I also copy the style guide. Especially if it's extensive. With DailySmarty, it wasn't that massive, so I could contain everything inside of the Sass file, but devCamp has a very large one.

So I'll add them to the application's README, and whenever I have a question about it, I can just check the README. I put the name of the component, the name of the variable I used in the Sass file, and the actual value of the variable itself, just so that I have everything right in front of me. It's a personal preference, but I've found it to be pretty effective.

JC: When you're creating this style guide, it's important to be flexible. You should definitely layout your colors, font families, headings, and things like that beforehand, but you'll be hard-pressed to make it through an entire application without some adjustments. Modern design programs make it easy to define these variables and then tweak them application-wide, all at once, which is very handy.

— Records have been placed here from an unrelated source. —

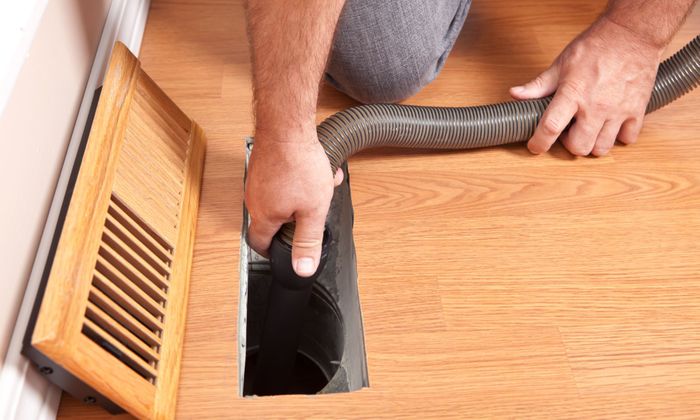 Air Duct Cleaning BG 1.jpg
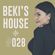 Beki's House #028 image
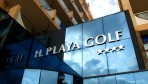 Playa Golf 01-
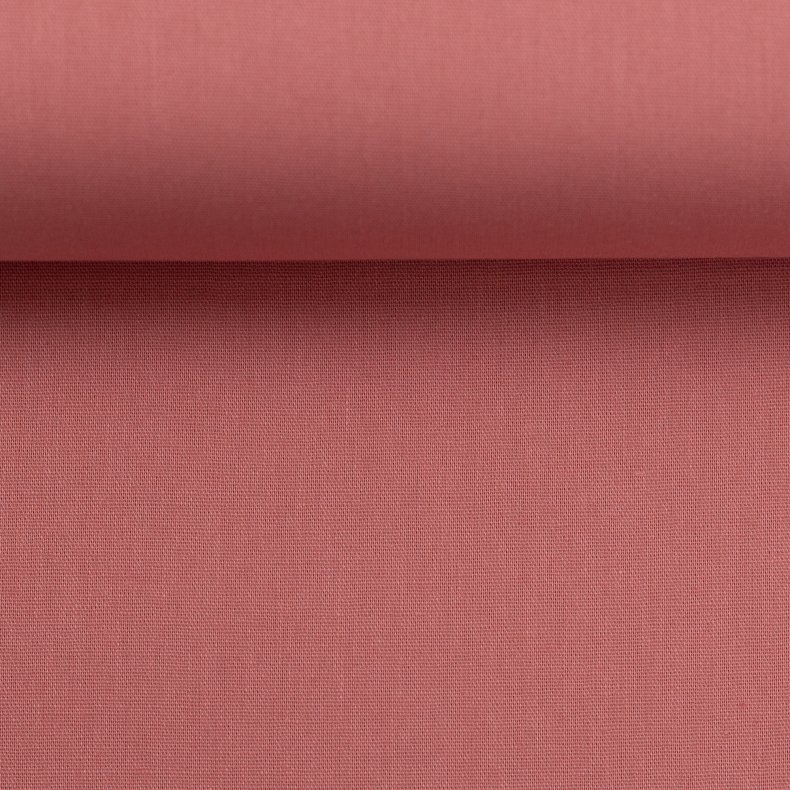 kotex Bomulds lrred 69,- Gl. rosa // nr. 435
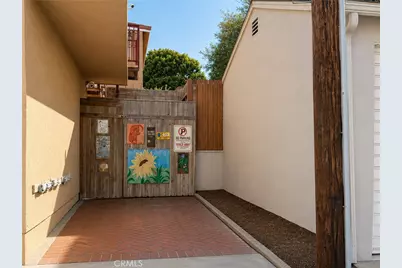 108 Morningside, Manhattan Beach, CA 90266 - Photo 56
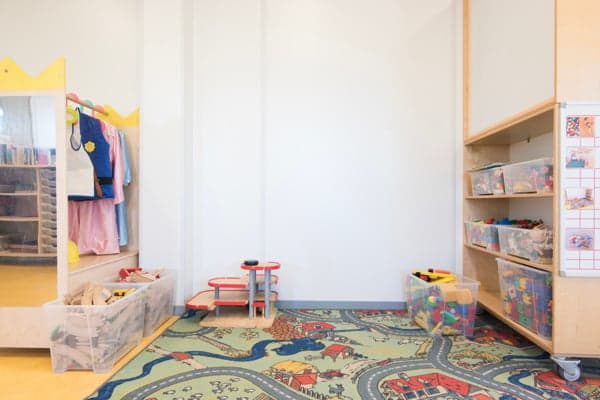 Partou KDV Luiterf 2 foto 10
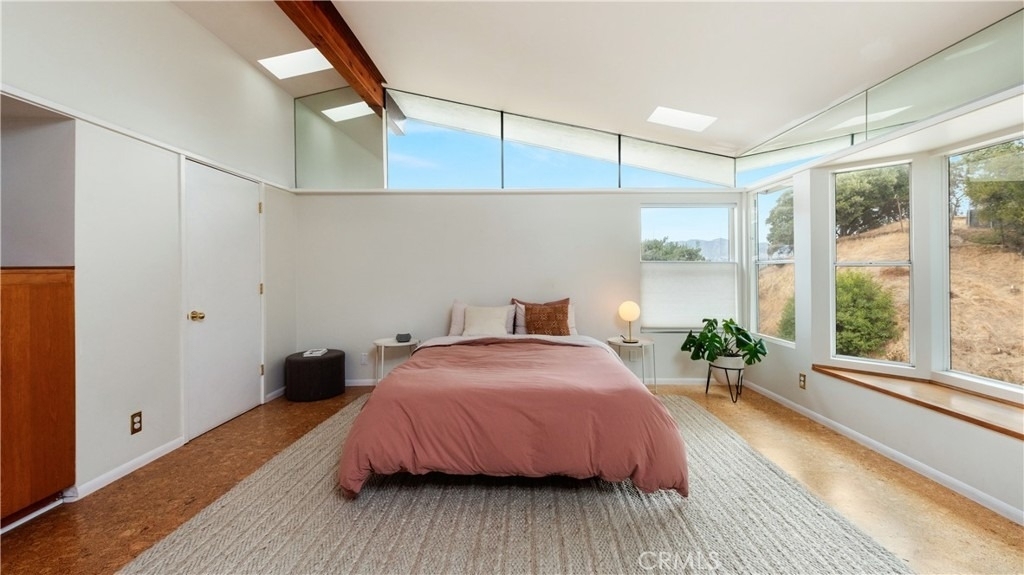 3858 Roble Vista Drive - Photo 9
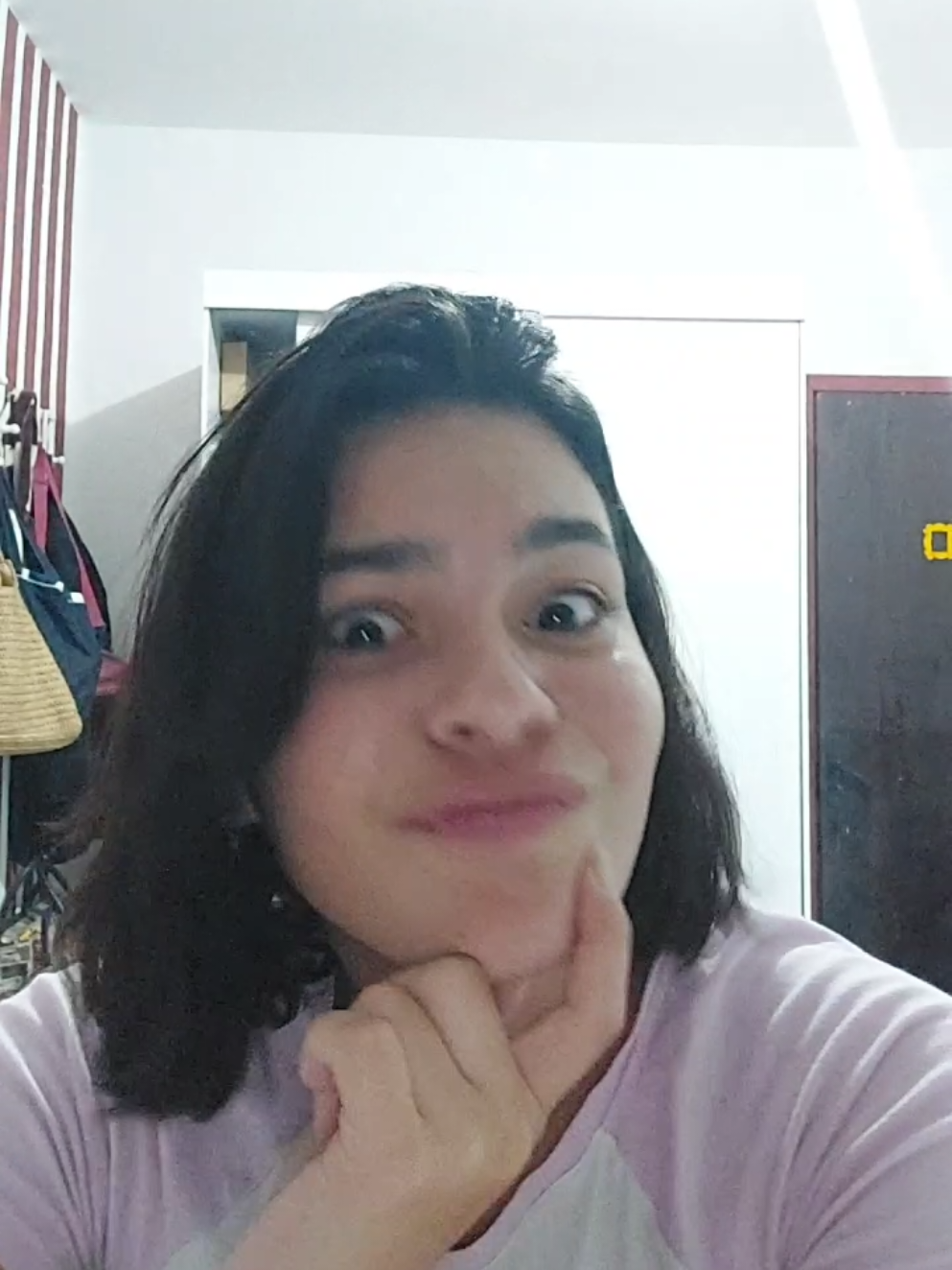 @𝓨𝓪𝓼 💌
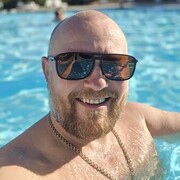 ���������� ���������, ���� ������� �������, 39 ���, ������������ ��� ������, ����� � ���������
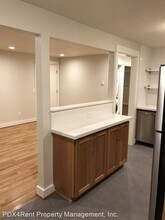 3931 N Juneau St in Portland, OR - Building Photo - Building Photo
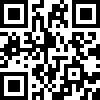 https://isna.ir/xdPzhc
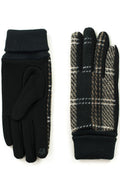  Gloves model 185674 Art of polo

Don't go crazy diverging from it, but don't be so rigid that it keeps you from designing a good looking page.

JH: Yes, absolutely.

The homework for this guide is: go to some type of application--it could be a popular one like Facebook or Twitter--and create a style guide for that application. This would be very similar to the process you would do if you had just finished building the user interface and then went and checked to see what all those styles were. See what the heading font size is, what the colors are, the background colors, all of these different types of components, even getting down very granular into border-radius. That makes a huge difference. Just making sure that each one of the edges of your divs are rounded in the right way.

So go and build that and we will see you in the next guide!